# Latest Addition



## Bareges (Aug 18, 2005)

This rather nice watch arrived from Italy today!!










It has obviously seen a bit of use - not so noticeable to the naked eye but most definitely shows up in the photo.


----------



## mrteatime (Oct 25, 2006)

Bareges said:


> This rather nice watch arrived from Italy today!!
> 
> 
> 
> ...


like that a lot


----------



## dapper (Jun 18, 2004)

I like that, very nice indeed









Is the crystal acrylic?


----------



## Xantiagib (Apr 22, 2005)

Nice one! I'd leave it as it was... not even polish the crystal Which should be acrylic if its an early one...


----------



## Bladerunner (Jun 4, 2006)

Nice.


----------



## Bareges (Aug 18, 2005)

Thank you all for the positive feedback - I liked the watch the moment I saw it and seeing the seller's name helped as I have had nothing but good dealings and good quality watches from him.........Xanti knows him [Michele] and would vouch for his credentials........

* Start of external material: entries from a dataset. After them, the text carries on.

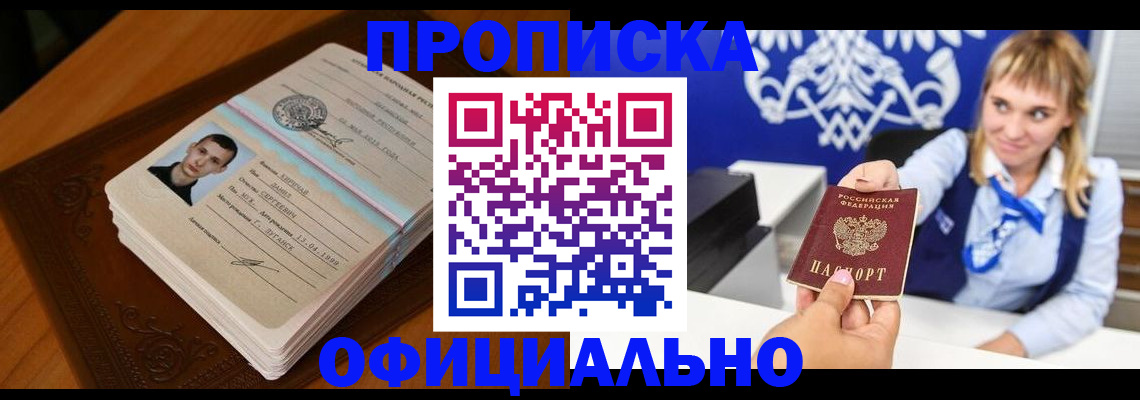 регистрация в Нурлате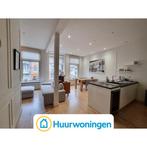 Te huur: Appartement Cornelis Schuytstraat in Amsterdam, Noord-Holland, Appartement, Amsterdam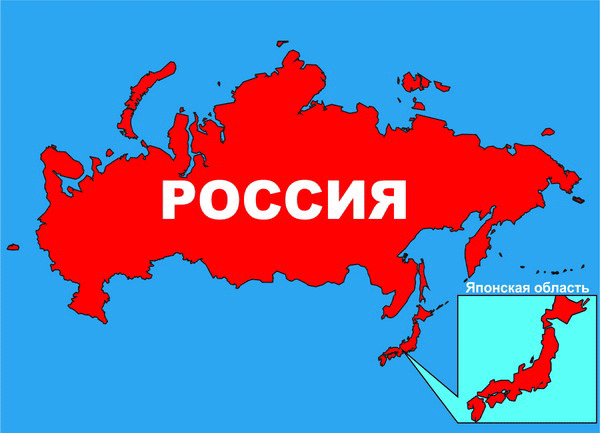 Сравнение россии и японии. Япония на карте России. Японская область России. Сравнение территории России и Японии.
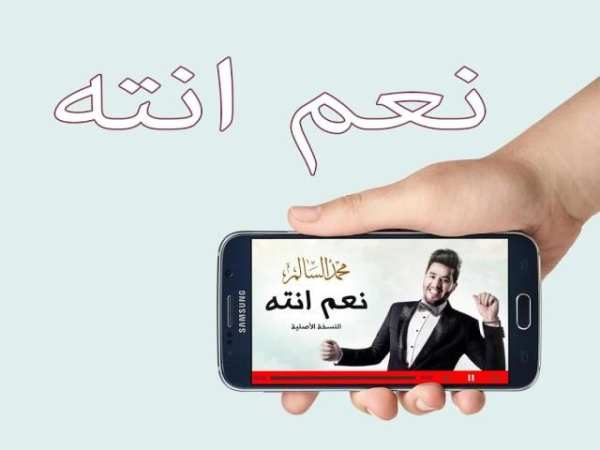 نعم انته - محمد السالم بدون نت screenshot 1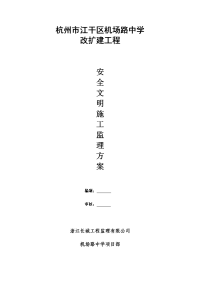 安全文明施工监理方案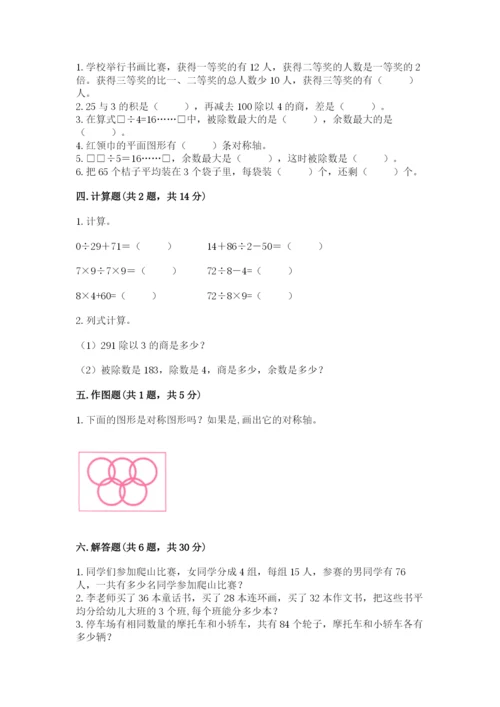 苏教版数学三年级上册期末测试卷附答案【基础题】.docx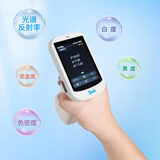 分光测色仪ST-800 图7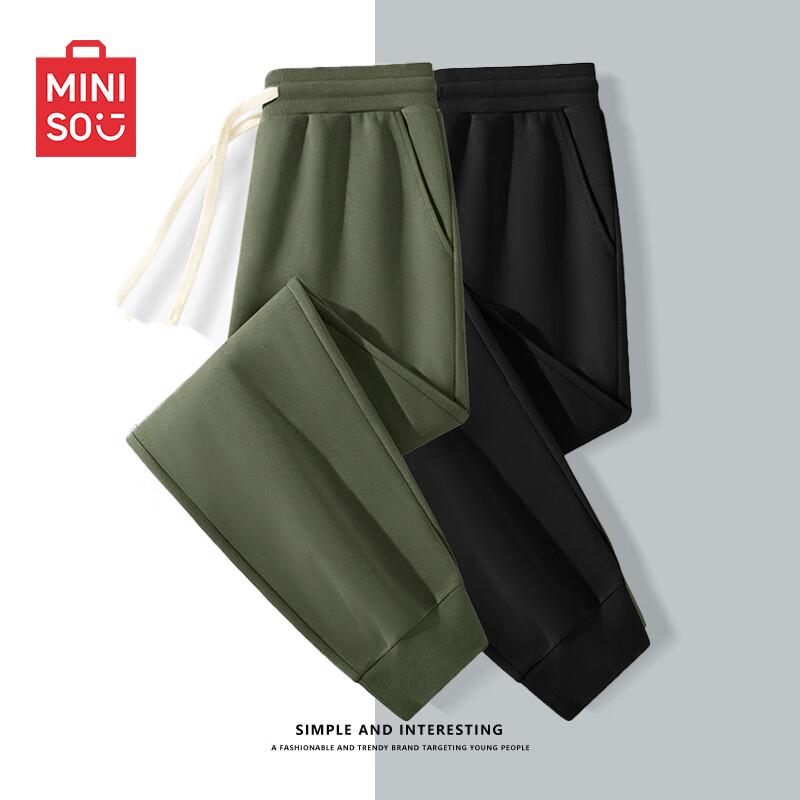 MINISO Men's Fall Casual Cuffed Joggers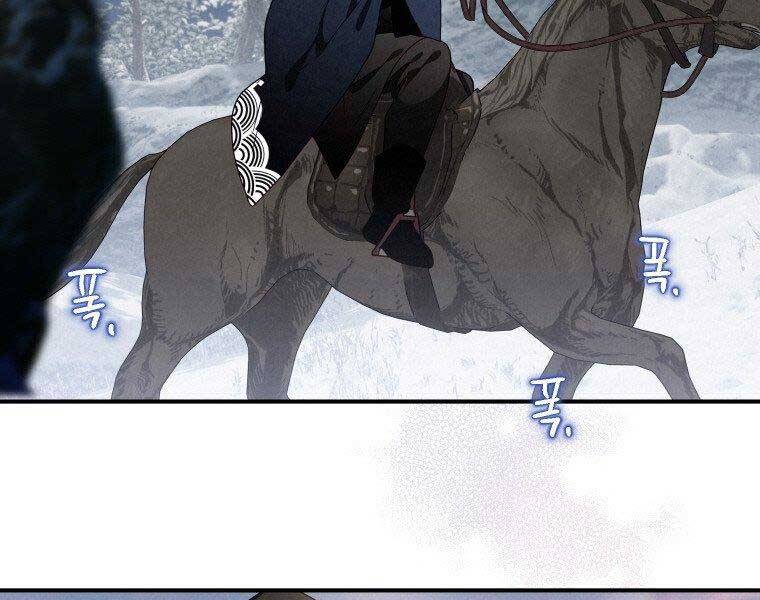 Thời Đại Hoàng Kim Của Thiên Kiếm - Chương 13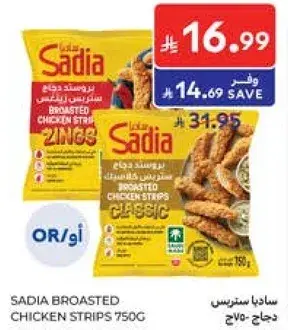 Sadia Broasted Chicken Strips 750g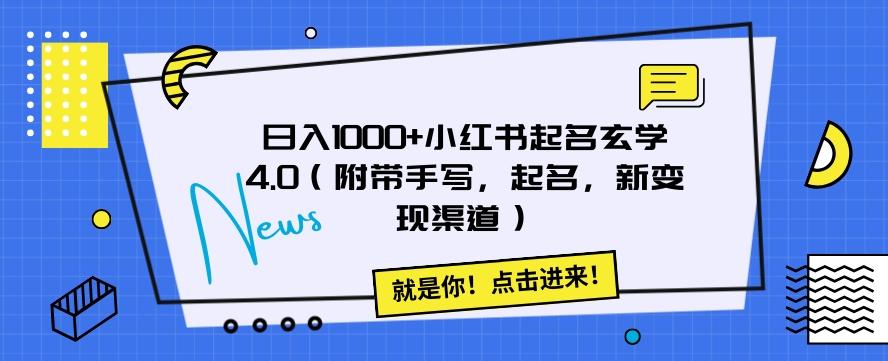 日入1000+小红书起名玄学4.0（附带手写，起名，新变现渠道）【揭秘】-腾渊论坛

I will definitely take your advice and leave well alone.............as far as I can tell it is acrylic.


----------



## Xantiagib (Apr 22, 2005)

ah good old michele... I forget to watch what he is selling - he lets slip by some beauties sometimes without letting too many people know...

Perhaps change the crown if you come across one... otherwise it is great...

I find I wear and enjoy beat-up watches more than the pristeen ones, which I am afraid of damaging so I end up selling them...


----------